As compared to the fourth term (16-20 years), there is an increase of 38.1% as in the fifth and the last set of tenures (21-25 years) when 100% of the loan amount is paid off. Dev explained thus that the earlier you make the prepayments, the better it is for you in terms of its impact on reducing the total interest paid during the loan tenure.

To that, Chief Customer Officer and Head of Operations at Godrej Capital Nalin Jain said that a home loan was a long-term financial commitment, with the interest component often exceeding the principal amount because of the long tenures of a typical home loan of 20 to 30 years. He said it was best to go for the home loan prepayment option during the initial tenure of the loan when the interest component is high, as prepayment at a later stage may not help maximise the benefit of being debt-free early.

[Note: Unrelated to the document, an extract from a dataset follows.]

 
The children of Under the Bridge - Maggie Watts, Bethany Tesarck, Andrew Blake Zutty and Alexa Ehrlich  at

Jairam Sridharan, the MD of Piramal Capital & Finance, agrees. He highlighted that prepayment of home loans in the initial part of the loan tenure is always better, helping reduce the EMI or pay a much lower interest amount on the reduced principal outstanding after prepayment. If a borrower happens to receive a chunk in the later part of the tenure, it may be a good to invest it somewhere else and repay the home loan in the normal tenure. The borrower may also seek the lender’s help to choose the best EMI option.

Home loan more expensive now

Home loan interest rates have risen substantially since the Reserve Bank of India‘s (RBI) rate hike cycle began in May this year to check the persistently high inflation. So far this fiscal, the central bank has hiked the repo rate by 225 basis points to 6.25%. The latest hike would be 35 basis points in December 2022 policy.

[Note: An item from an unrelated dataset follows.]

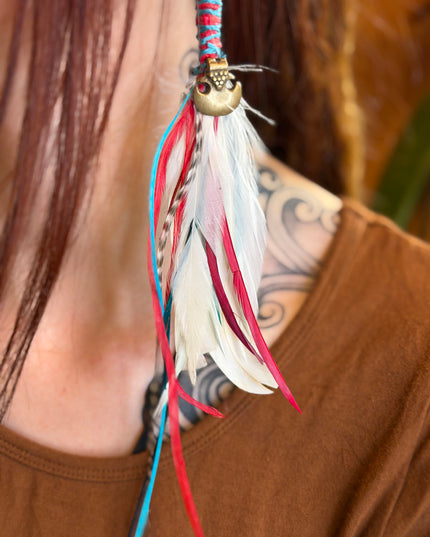 Echte veren oorhanger 26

After the hike, founder of hBits Shiv Parekh said, “The commercial real estate growth is pulling lots of investment, it has been stable through all ups and downs. Even the current repo rate hike will not affect much on commercial real estate much, as the current increase is in line with RBI’s mission to take on inflation, a mission in which it has been failing.

As there has been a moderate hike in the home loan too, the affordability of the home loan is still fine from a residential perspective. We expect that the positive sentiment will remain in the CRE sector. When it comes to fractional ownership, it is one of the best investments at this which gives steady and stable returns.”

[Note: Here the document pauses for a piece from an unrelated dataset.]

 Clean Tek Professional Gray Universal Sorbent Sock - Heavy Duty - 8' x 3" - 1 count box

Parekh said, however, “the real estate industry expects a reduction in the key rates going forward, which will be widely celebrated, as lowering interest rates has been a crucial factor in the revival of the demand in overall real estate. It will help in improving the liquidity situation which is vital for the sector.”

Voicing a common concern in the middle-income group, Chairman and MD of Sterling Developers Ramani Sastri said that the continuous rate hikes might lead to short-term turbulence in the overall demand when buyers are optimistic about buying a house, which may add to the buyer’s overall acquisition cost. The real estate sector had started seeing gradual recovery across key property markets, driven primarily by end-users, but the repeated rate hikes impacted the interest rate-sensitive sector.

Low-interest rates have been the greatest factor in the resurgence of real estate demand in the last few years and hence the rate hike would mean a hurdle in affordability. However, Sastri qualified it by saying that there was a positive sentiment, as the affordability and disposable incomes of new-age homebuyers were much better than in the past.

Despite the negatives, market observers are hopeful as there is significant pent-up demand from a very large population base and first- home buyers. Real estate is certainly among the best instruments to invest in. Markets will see sustained growth over the next few years, the Sterling Developers chief believes.